I can report now that there has been so much media interest in this that the first author on the paper, Jason Cook, had his email inbox fill up yesterday and start bouncing messages!

--Emily

Very interesting! Okay...so now I am confused. Occultation data suggests the presence of a large impact basin on Charon's leading hemisphere and now we see that there is geologic activity on this world. Maybe this moon is kinda like Dione, most an ancient surface with numerous fractures that penetrate down to some liquid water/ammonia pocket in the interior.

Hopefully, they can determine the likely longitudes for active locations. Maybe NH's trajectory can be adjusted to image these areas.

We know there are Geysers on Triton, now Charon, so I guess Pluton is on the list too...

This is annoying:



Not because of any residual quarrel about Pluto, but because nobody has ever said that objects other than planets could not have moons (we speak of "asteroid moons" easily enough) and because the phrasing "companion world" is without either warrant or precedent. What is the Gemini Observatory up to here?

From Emily's excellent article (way to fly those fingers, E, and nice job on the illustration, Doug!):

"The possibility is raised," Cook and coauthors write, "that there is more liquid water in the Kuiper belt than on Earth."

What else can be said but <clink> ?

The Pluto part was done a few weeks ago as part of something else - the Charon was just a variation on it. The texture, for those wondering, is 50% Dave Seals Charon map, 50% Enceladus - as a noise pattern mixture.

Doug

Hmm. This is interesting.

I wouldn't have thought that something as small as Charon could still have liquid water in its interior. This isn't like Enceladus or Miranda where a big gas-giant planet is available to power tidal heating.

Just to speculate: My understanding is that a lot of the Earth's uranium floated to the crustal layer during the planet's formation. You'd expect such a heavy element to sink, but uranium likes to combine chemically with oxygen, and that provides it with a lot of buoyancy.

On a body like Charon, though, the uranium would only be able to float to the top of the core -- where it would remain, insulated by a 500-km-deep layer of ice. So should we expect ice/rock bodies like Pluto, Charon and Triton to hold onto their radiothermal heat more efficiently than similarly-sized rocky bodies? (Assuming we could find any similarly sized rocky bodies, of course.)

Wow.

Would this then imply that we might expect ancient cryovolcanoes, like really old and cratered versions of Tortola facula or Ganesa macula on Titan, on the surface of larger KBO objects like Pluto and friends?

-Mike

If the surface is covered with fresh ice I can imagine the surface looking quite young...
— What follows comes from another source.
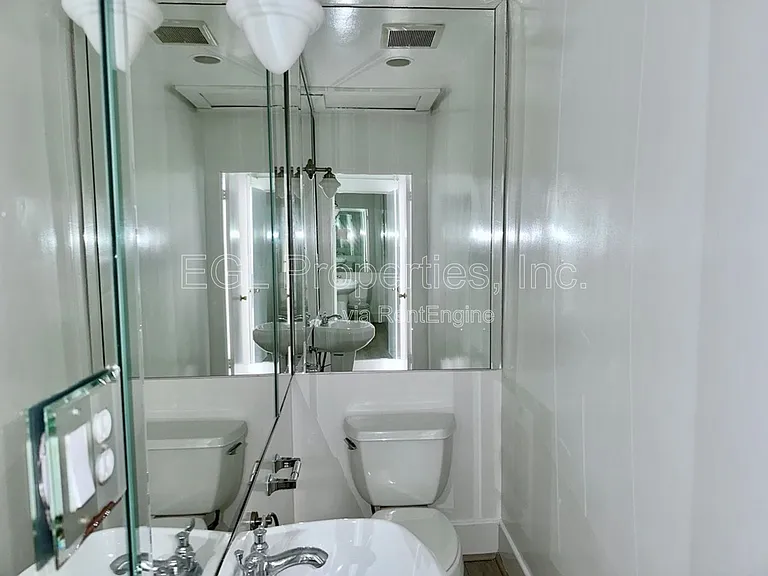 358 N San Vicente Blvd — Photo 14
Apart from heat due to radioactive materials, are there any other potential heat sources that far out? For example (picks an idea out of the air) could there have been a recent impact large enough to have liquified the interior? I know any ideas would be pure speculation, but thats all we'll have until june 2015 . The ammonia in the (possible) water might allow for heat sources ordinarily to feeble to be considered to have an impact. Would anyone care to speculate?

Charon - the ultimate in fresh powder skiing...or in the limited gravity with Pluto pulling so closely would it be powder surfing?

Or would it be powder cross country, with few sloped surfaces?

A current projected resurfacing rate of 1 mm/1E5 years would only give about an inch and a half of powder over the age of the solar system.

Even if the resurfacing rates were much, much higher in the past, the powder may only obscure some of the smaller really old features.

It should look quite pretty. I imagine craters and peaks all lightly coated and sparkly with a thin ice glazing.

[Littlebit, I'd strongly suggest using rental skis, instead of your own. ]

-Mike

Probably not... an impact big enough to liquify the interior would probably also have thrown Charon's orbit off-circular. We'd be able to see the ellipticity of its orbit, I think.

There is also the chromographic soil effect: At a nuclear facility near Hanford, Washington, extremely low concentration radioactive wastes were dumped in an evaporative sludge pond. Over time (probably decades), elements were chomographically separated in the clay, and a layer of high energy waste was concentrated naturally near the surface to an unnatrual level - almost self sustaining.

I also have a questionable account about how the problem was discovered: rabbits managed to get through the fence and nibble on grasses growing in the pond. Routine radioactive measurements taken outside of the fence uncovered radioactive rabbit pellets...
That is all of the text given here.